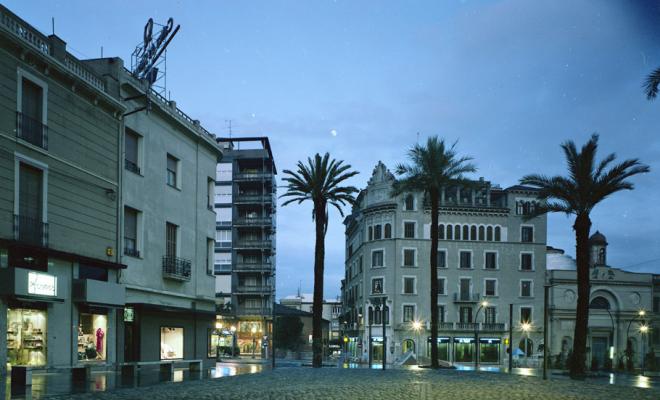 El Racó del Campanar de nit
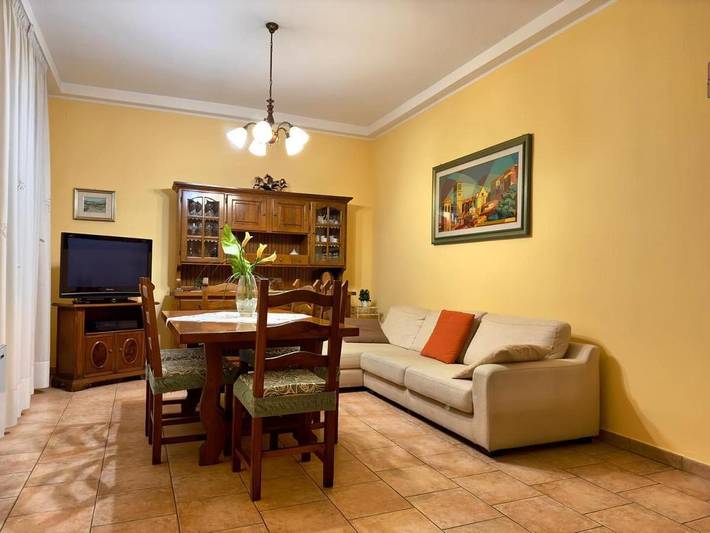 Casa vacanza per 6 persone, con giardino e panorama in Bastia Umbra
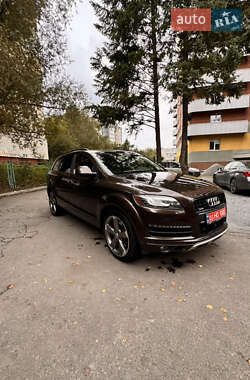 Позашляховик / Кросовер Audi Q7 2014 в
==
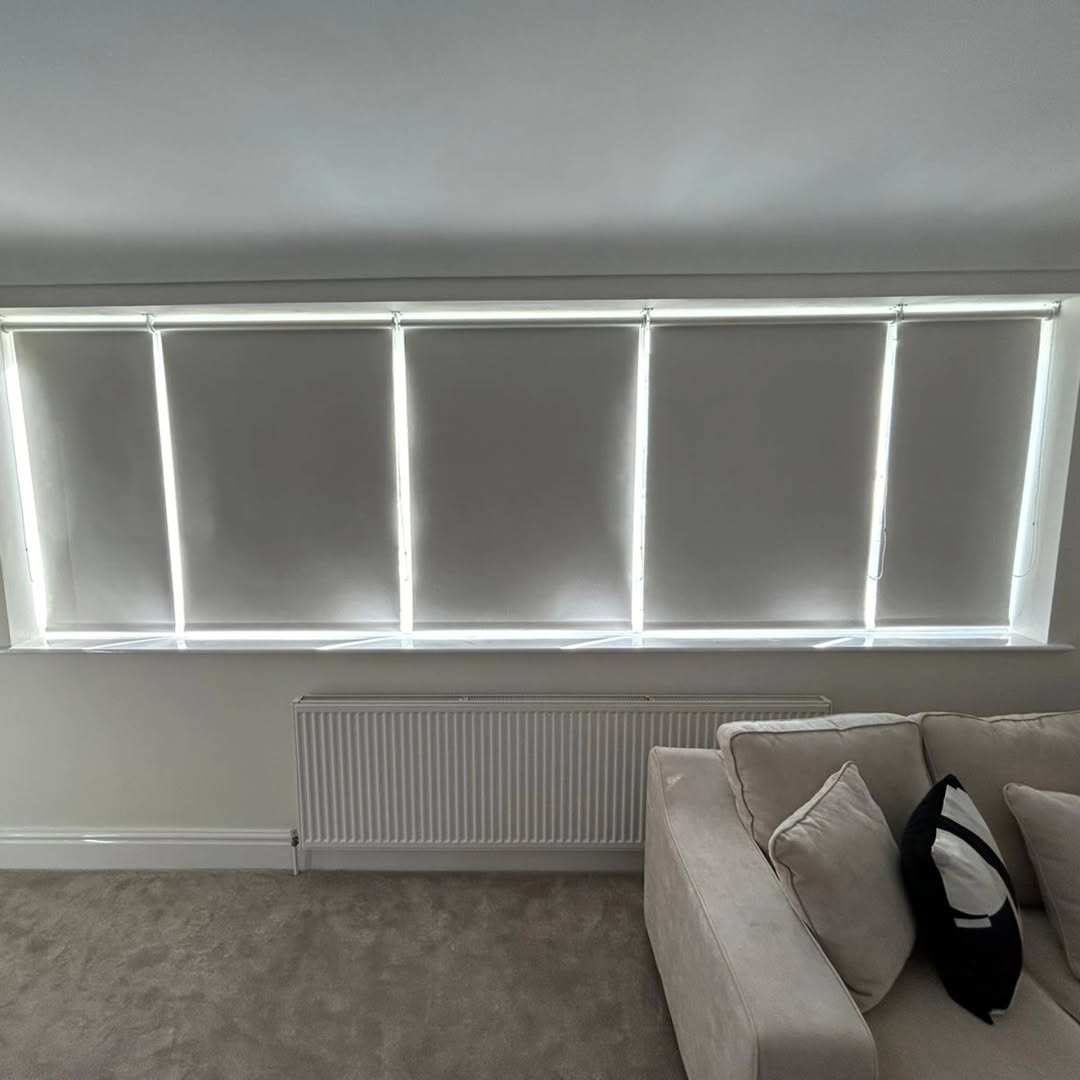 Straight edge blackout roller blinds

> [Task statement]: Exactly reproduce the lines above, starting at the one that contains "El Racó del Campanar de nit" and ending at the one that contains "Позашляховик / Кросовер Audi Q7 2014 в", both inclusive; leave the pictures out and add no other lines.

> [Exercise answer]:
 El Racó del Campanar de nit
 Casa vacanza per 6 persone, con giardino e panorama in Bastia Umbra
 Позашляховик / Кросовер Audi Q7 2014 в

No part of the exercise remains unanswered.